*TASK*
Print the whole listing below exactly as given, pictures excluded.
--- SUPPLIED MATERIAL Enclosed Below ---
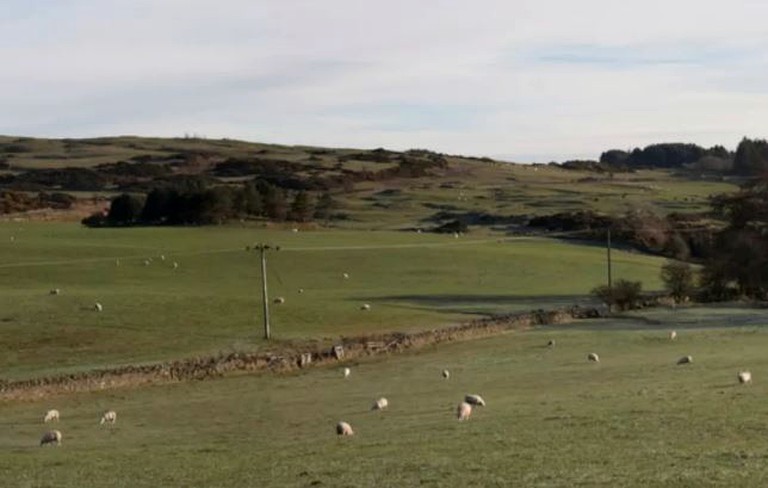 Cottages (Dundrennan, Scotland, United Kingdom)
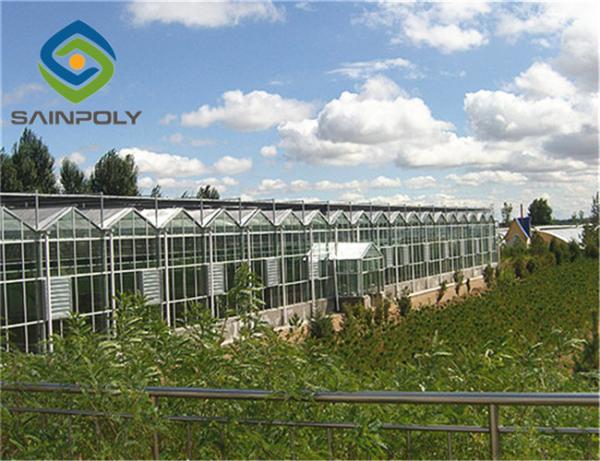 Span 9m Commercial Glass Greenhouse Hot Digged Galvanized Steel
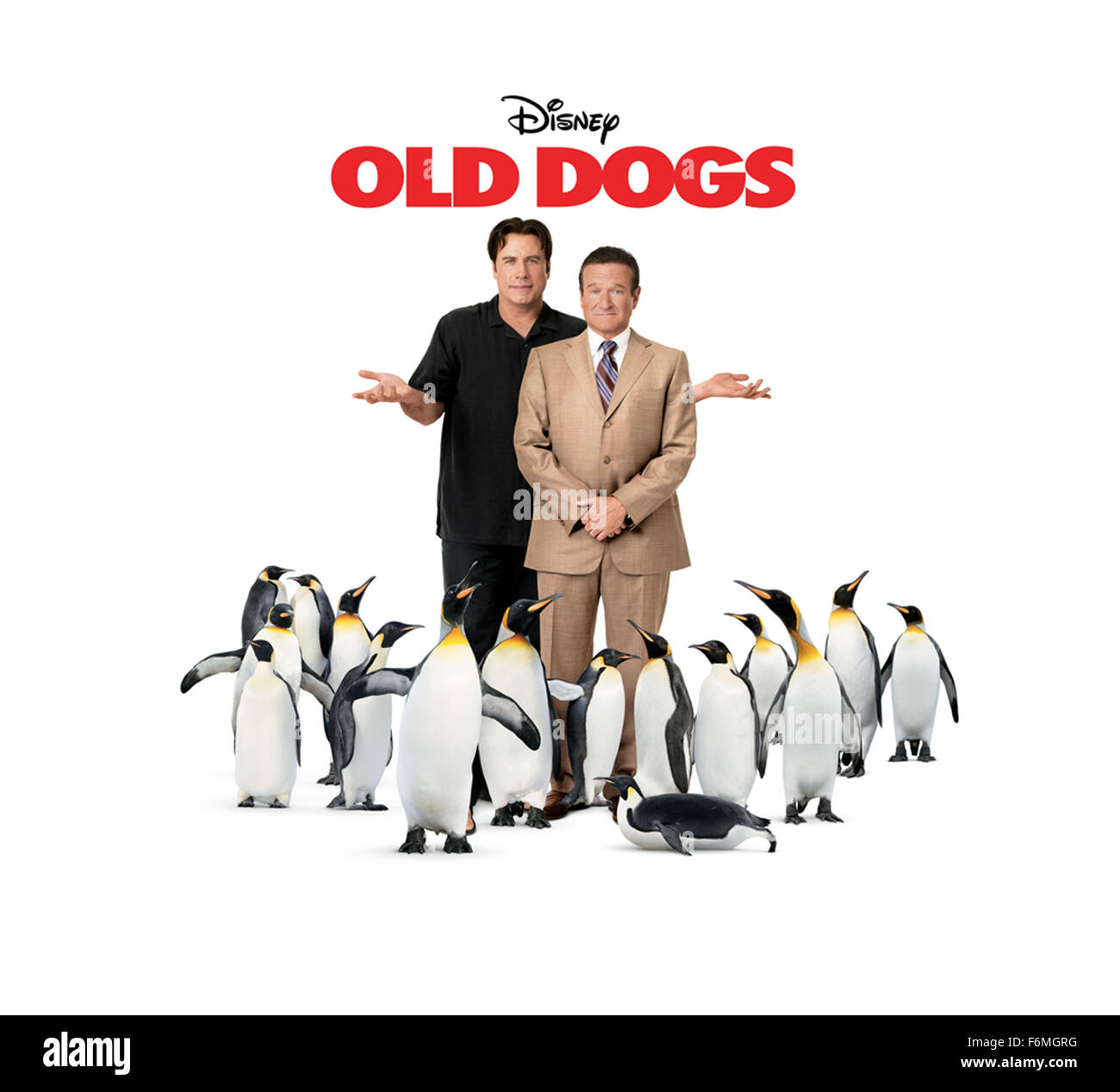 DATE DE SORTIE : Novembre 25, 2009. Titre du film : vieux chiens. STUDIO : Walt Disney Pictures. Résumé : Charlie et Dan ont été meilleurs amis et partenaires d'affaires depuis 30 ans ; leur firme de relations publiques de Manhattan est au bord d'une énorme entreprise face à une société japonaise. Avec deux semaines de coudre jusqu'au contrat, Dan est une surprise : il a épousé une femme sur une impulsion d'ivresse près de neuf ans avant (a annulé le jour suivant) montre jusqu'à lui dire qu'il est le père de ses jumeaux, maintenant sept, et elle va être en prison pour 14 jours pour une manifestation politique. Dan les bénévoles pour garder les tykes, bien qu'il n'est gros Banque D'Images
--- End of Enclosed SUPPLIED MATERIAL ---
*THE ANSWER*
 Cottages (Dundrennan, Scotland, United Kingdom)
 Span 9m Commercial Glass Greenhouse Hot Digged Galvanized Steel
 DATE DE SORTIE : Novembre 25, 2009. Titre du film : vieux chiens. STUDIO : Walt Disney Pictures. Résumé : Charlie et Dan ont été meilleurs amis et partenaires d'affaires depuis 30 ans ; leur firme de relations publiques de Manhattan est au bord d'une énorme entreprise face à une société japonaise. Avec deux semaines de coudre jusqu'au contrat, Dan est une surprise : il a épousé une femme sur une impulsion d'ivresse près de neuf ans avant (a annulé le jour suivant) montre jusqu'à lui dire qu'il est le père de ses jumeaux, maintenant sept, et elle va être en prison pour 14 jours pour une manifestation politique. Dan les bénévoles pour garder les tykes, bien qu'il n'est gros Banque D'Images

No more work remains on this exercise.